Christian Free will means the same thing, unless God is tricking us. Freedom to do whatever we want, but then get spanked for doing it, really is not freedom, but the compulsion of cowards to do as you say, but you digress.
“Being an atheist, means that you yourself are the ultimate authority in life, and therefore whatever you deem is best for you and society must be correct.”
No, no, it is not what Ryan deems is best for society that is correct. It is what T. Paine deems is best for society that is correct. Ryan is so stinking arrogant.
“It all becomes simply about what you want and your own desires.”
No, no, it is all about the hedonistic whims of I Am, or Ywyh, or whatever He calls Himself these days.
“To hell with the consequences, and any unfortunate children that should be affected by those choices.”
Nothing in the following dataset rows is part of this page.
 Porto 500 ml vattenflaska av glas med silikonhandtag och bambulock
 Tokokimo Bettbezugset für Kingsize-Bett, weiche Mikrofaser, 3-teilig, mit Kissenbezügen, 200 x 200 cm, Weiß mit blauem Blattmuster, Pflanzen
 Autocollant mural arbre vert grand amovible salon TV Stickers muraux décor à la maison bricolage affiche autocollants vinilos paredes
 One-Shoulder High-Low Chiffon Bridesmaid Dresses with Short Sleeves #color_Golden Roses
Enough with the denunciation of blacks, already. In fact, isn’t a white couple raising children as something other than Catholics, say Muslims or Hindus, much worse than a gay couple otherwise infusing their children with Christianity? In the first case, we condemn the child eternally, but in the other, we simply, well, ewwwww, iiiiiick.
It’s all about the children. That is what T. Paine and I are so riled up.
“If you want to make laws to support civil unions, then go ahead and advocate to do so. Just stop usurping words…”
Ryan, do you not realize the harm you are causing to children with your using a word the Church already used and secularizing it (I mean if the church had used that word, you know what I mean)? Even a blind man could see it.
On the surface allowing gays to do the thing that gay marriage implies, legally and socially, may seem to be the real issue, but it is not. It is the use of a vocabulary word, which when used by a gay man could and will condemn a hapless child playing in a schoolyard to perdition. I don’t even think you considered this at all. You are focused on the institution of marriage when you should be focused on the vocabulary word we use to represent it.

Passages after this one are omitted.